Business is a practical field for students who want flexible career options. A business curriculum usually covers how organizations make money, manage people, allocate resources, analyze markets, control costs, communicate with customers, and make decisions under uncertainty. Those skills apply across private companies, government agencies, nonprofits, healthcare systems, financial institutions, startups, and global organizations.
The strongest reason to consider business is transferability. A marketing graduate may later move into product management. An accounting graduate may move into finance or compliance. A human resources professional may grow into organizational development or operations leadership. A business background does not lock you into one industry as tightly as some more specialized degrees do.
However, business is not automatically the best choice for everyone. It rewards students who are comfortable with problem-solving, communication, data, teamwork, deadlines, and performance expectations. If you want a highly technical role, a licensed clinical profession, or a research-heavy academic path, you may need a different or more specialized program.
So, is a business degree worth it? The answer depends on cost, school quality, specialization, work experience, and career goals. Still, the field remains large. There has been an upward trend in the number of bachelor’s degrees awarded in business over the years. In 2024, business degree holders made up 21.6% of all degree holders in the US workforce, totaling 13,736,300 people.
What is the job outlook for business occupations?
The job outlook for graduates of business degree programs varies by specialization. Roles tied to financial planning, analytics, organizational efficiency, compliance, and workforce management tend to remain important because employers need people who can interpret data, manage costs, improve processes, and support growth.
Financial managers are projected to see 15% job growth through 2034. These professionals monitor financial performance, guide investment and budgeting decisions, and help organizations maintain financial health. The cited median annual income for financial managers is $161,700.
Management analysts are projected to see 9% job growth. They study operations, identify inefficiencies, recommend improvements, and often work with leadership teams during restructuring, expansion, or technology adoption. The cited median annual income for management analysts is $101,190.

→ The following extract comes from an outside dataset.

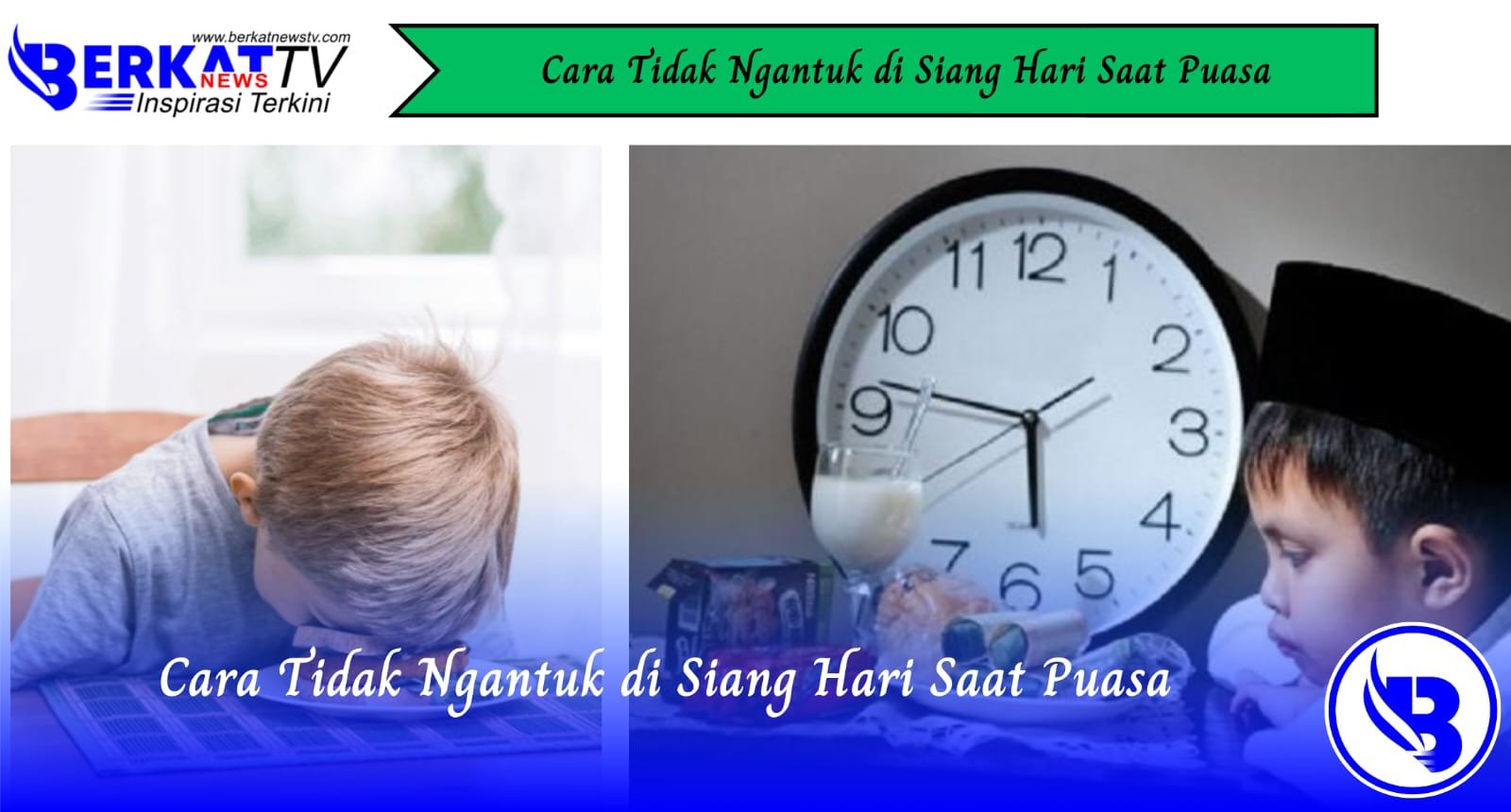 Cara Tidak Ngantuk di Siang Hari Saat Puasa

Human resource specialists, accountants and auditors, and managers across specializations are also expected to experience steady growth from 4% to 6%. This is one reason finance and accounting remain common business pathways: organizations need professionals who can manage capital, maintain accurate records, meet reporting obligations, and support planning.
Overall, business degree holders account for 18.6% of recent bachelor's program graduates and earn a median annual salary of $75,000. Salary outcomes are not guaranteed, though. Location, industry, employer size, internship experience, technical skills, and professional credentials can all affect earnings.

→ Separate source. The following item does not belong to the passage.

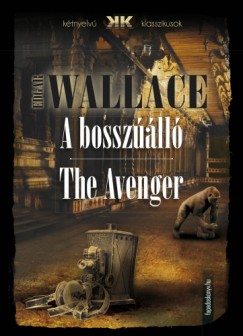 Wallace Edgar - Edgar Wallace - A bosszúálló - The Avenger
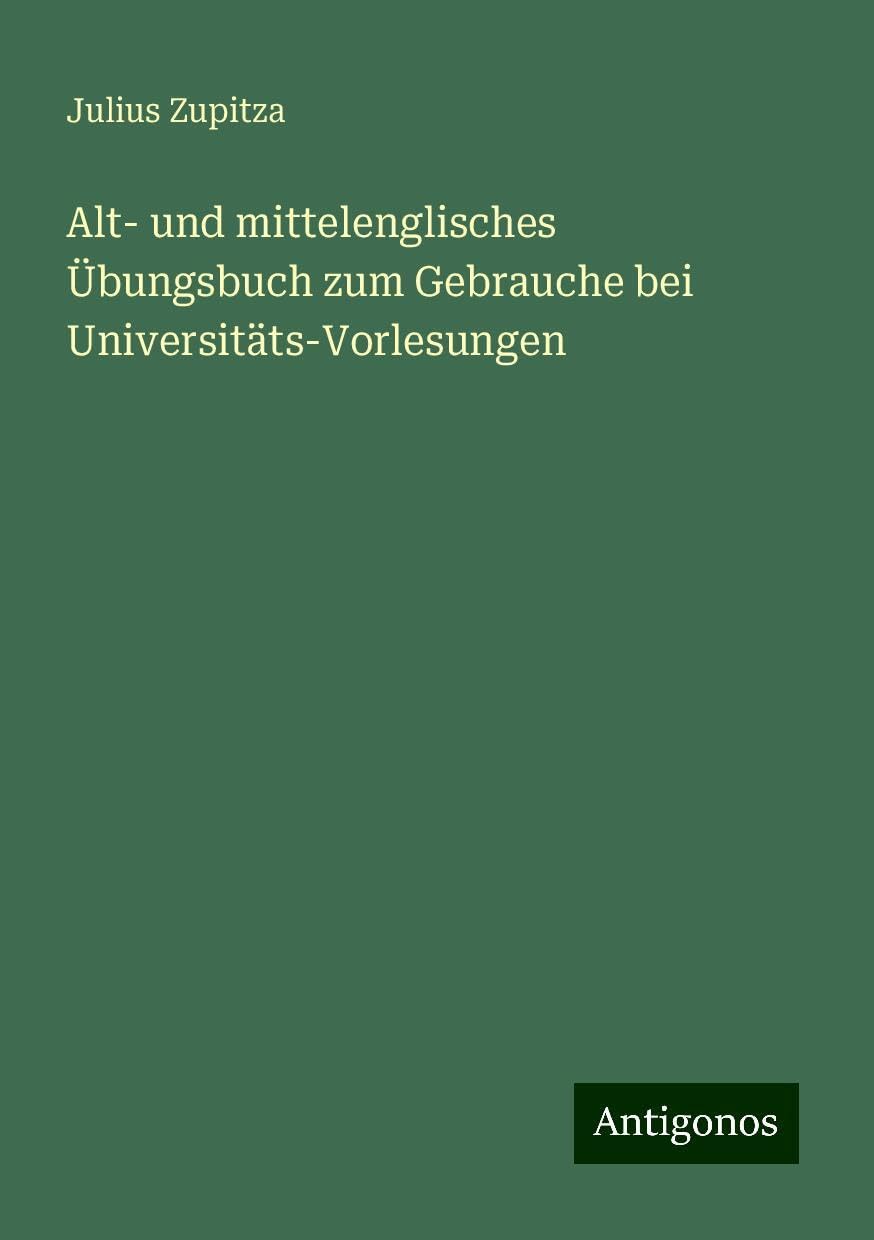 Alt- und mittelenglisches Übungsbuch zum Gebrauche bei Universitäts-Vorlesungen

What skills do business professionals need?
Business careers require more than general workplace confidence. Employers look for people who can communicate clearly, analyze information, solve problems, collaborate across departments, and use technology to improve decisions. The exact mix depends on the role: finance positions are more quantitative, marketing roles blend creativity and analytics, HR roles require people judgment and compliance awareness, and operations roles emphasize systems thinking.
Core business skills
Communication and active listening. Business professionals need to understand client needs, explain ideas clearly, write concise reports, and adjust their message for executives, customers, vendors, and team members.

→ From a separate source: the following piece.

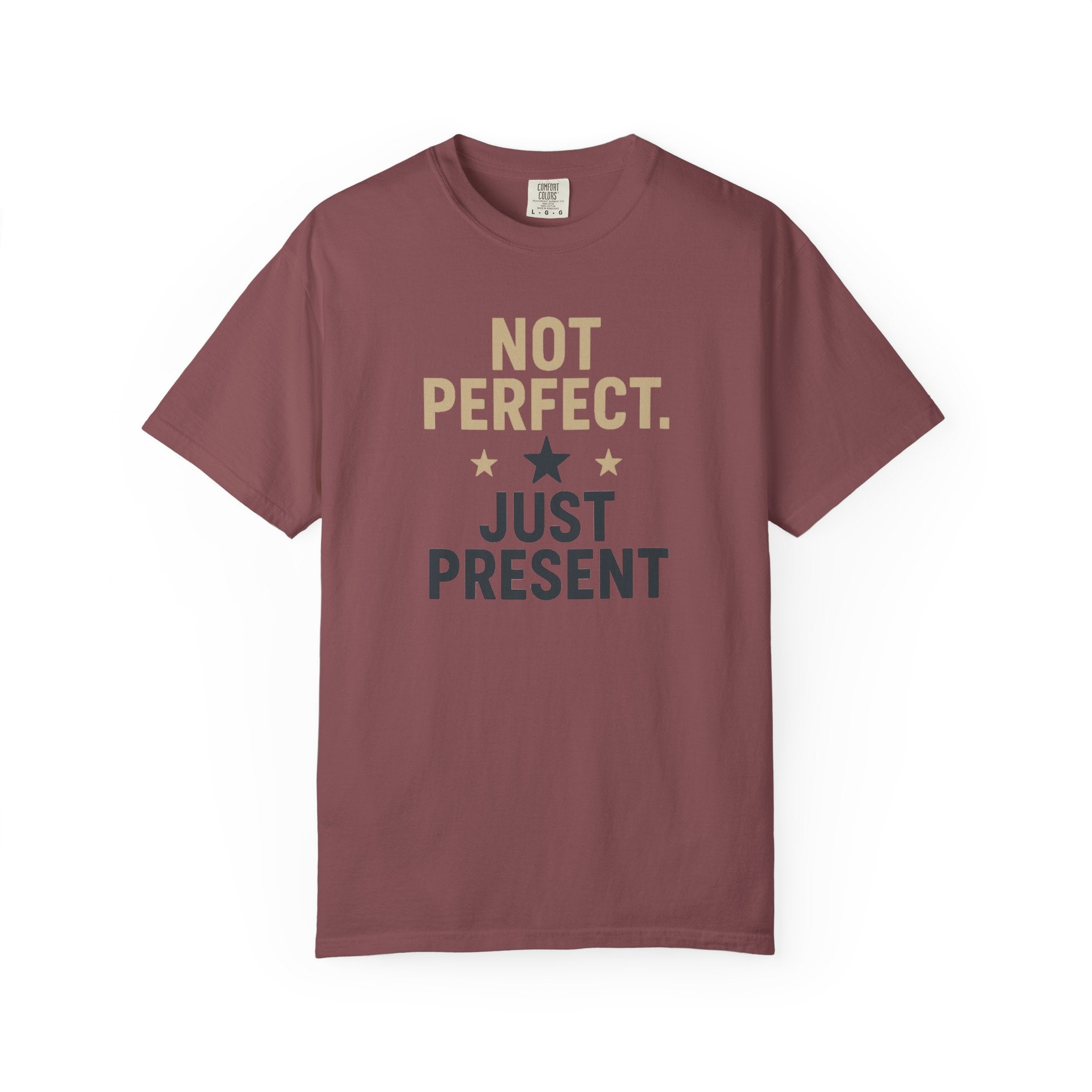T-Shirt — "Not Perfect. Just Present" Motivational Graphic Tee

Critical thinking and problem-solving. Strong business employees can diagnose problems, compare options, evaluate trade-offs, and recommend practical solutions instead of simply reporting issues.
Data interpretation. Even non-technical roles increasingly require comfort with spreadsheets, dashboards, performance metrics, forecasts, and basic analytical reasoning.
Writing and documentation. Proposals, project plans, policies, financial summaries, email updates, and presentations must be accurate, organized, and easy to act on.
Workplace and leadership skills
Collaboration and interpersonal judgment. Business decisions often involve competing priorities. Professionals must work with people across departments and manage conflict constructively.
Time management and prioritization. Employers value people who can meet deadlines, organize projects, and focus on work that affects business outcomes.
Negotiation and persuasion. Whether working with vendors, clients, employees, or executives, business professionals often need to build support and reach workable agreements.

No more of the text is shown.